Not surprisingly, the benefits from triple therapy is completely predictable from what is well known in adult and child studies. We are benefiting mother's health tremendously by treating her disease accurately with a minimum of three drugs
We have been talking a lot about mum's health, but what about the effect upon baby of all these meds? For example there were early concerns about prematurity with PI use. Even with our own data the relatively low numbers that we see mean that the results do not achieve statistical significance. However, there is no documented increase in prematurity going from zero to three or more antiretrovirals. In fact our babies who were most likely to be premature were born to those mothers who received no drugs during pregnancy, and we see no decline in gestational age in comparison to antiretroviral use.
With transmission rates too, our small numbers of transmissions mean they are lacking in statistical significance. I therefore reviewed the available international literature, to see if what we had witnessed in San Francisco was statistically true. Combined reports from thirteen different studies saw data very similar to ours with falling transmission rates as number of antiretrovirals are increased. The difference between three or more, or two drugs, still has overlapping confidence intervals, but I expect that as we gather more numbers internationally that we will see that the best thing for baby is three or more drugs.
The issue of ruptured membranes, very beautifully studied by Landesman and colleagues in the WITS protocol, demonstrated that with increase in hours of ruptured membranes there is an increase in probability of transmission. This concern has of course led to the common practice in many areas of elected caesarean section to prevent HIV-transmission. Our data from San Francisco was gathered in a population where elected caesarean section was available only for the last ten deliveries. The uptake in these cases has been around 25%. We do not withhold caesarean section for those mothers who want it, but for those mothers with good virological control we advise them that there is no demonstrated benefit for them or their baby from an elected surgical intervention.

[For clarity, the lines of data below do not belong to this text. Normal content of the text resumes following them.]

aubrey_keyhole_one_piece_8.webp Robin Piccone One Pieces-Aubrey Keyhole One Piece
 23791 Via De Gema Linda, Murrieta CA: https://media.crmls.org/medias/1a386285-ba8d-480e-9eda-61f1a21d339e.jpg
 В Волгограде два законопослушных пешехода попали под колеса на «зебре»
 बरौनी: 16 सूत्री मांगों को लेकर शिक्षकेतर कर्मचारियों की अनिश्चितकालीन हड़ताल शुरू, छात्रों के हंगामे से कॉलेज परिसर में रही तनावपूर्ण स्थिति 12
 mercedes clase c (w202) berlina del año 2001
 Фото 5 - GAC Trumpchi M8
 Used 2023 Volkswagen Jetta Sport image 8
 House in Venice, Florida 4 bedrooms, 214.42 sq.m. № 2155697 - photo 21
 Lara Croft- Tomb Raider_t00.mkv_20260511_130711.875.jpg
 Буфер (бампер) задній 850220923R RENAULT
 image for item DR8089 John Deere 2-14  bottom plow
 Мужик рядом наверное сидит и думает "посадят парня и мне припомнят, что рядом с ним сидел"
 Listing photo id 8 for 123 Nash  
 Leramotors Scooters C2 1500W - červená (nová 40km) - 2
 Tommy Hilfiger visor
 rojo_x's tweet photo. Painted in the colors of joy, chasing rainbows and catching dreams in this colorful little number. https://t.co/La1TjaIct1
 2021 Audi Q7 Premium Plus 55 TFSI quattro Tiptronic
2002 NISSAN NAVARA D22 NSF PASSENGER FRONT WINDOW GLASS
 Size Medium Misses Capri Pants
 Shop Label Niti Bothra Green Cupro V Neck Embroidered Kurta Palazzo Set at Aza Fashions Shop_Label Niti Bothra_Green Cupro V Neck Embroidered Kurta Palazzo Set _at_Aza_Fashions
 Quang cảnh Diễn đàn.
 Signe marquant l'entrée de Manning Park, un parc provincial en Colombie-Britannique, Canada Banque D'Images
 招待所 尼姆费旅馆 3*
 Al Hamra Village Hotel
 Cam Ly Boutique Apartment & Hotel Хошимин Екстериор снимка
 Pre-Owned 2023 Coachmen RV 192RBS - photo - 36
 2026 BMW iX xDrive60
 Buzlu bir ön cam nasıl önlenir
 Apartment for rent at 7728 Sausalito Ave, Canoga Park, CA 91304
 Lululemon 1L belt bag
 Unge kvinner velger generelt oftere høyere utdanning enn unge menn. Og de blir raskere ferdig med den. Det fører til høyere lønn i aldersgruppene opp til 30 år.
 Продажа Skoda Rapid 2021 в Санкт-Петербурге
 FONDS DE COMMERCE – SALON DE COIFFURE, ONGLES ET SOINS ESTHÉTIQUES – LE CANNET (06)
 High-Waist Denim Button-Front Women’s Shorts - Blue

And finally I must address why the most popular therapy for pregnant women in America is still Combivir alone. I still attend professional obstetrical meetings where leaders in the field (though not experienced in HIV), talk about the beauties of Combivir and how ideal it is for pregnant women.
I answer that just because you hear it and from someone who appears to be in a position of authority it doesn't mean it is true - in fact it is very wrong. A woman who receives Combivir alone in pregnancy regardless of her stage of disease, has a four out of five chance of becoming resistant to all nucleosides for the rest of her life.
This is not a tolerable action. Many of us would call it not only outside of the standard of care but malpractice.
Dr Karen Beckerman is Associate Professor of Obstetrics, Gynaecology and Reproductive Sciences at the University of California, San Francisco and has been a Visiting Investigator at the Gladstone Institute of Virology and Immunology since 1997. Her special interest is maternal health in the HIV pandemic, and treating HIV disease during pregnancy.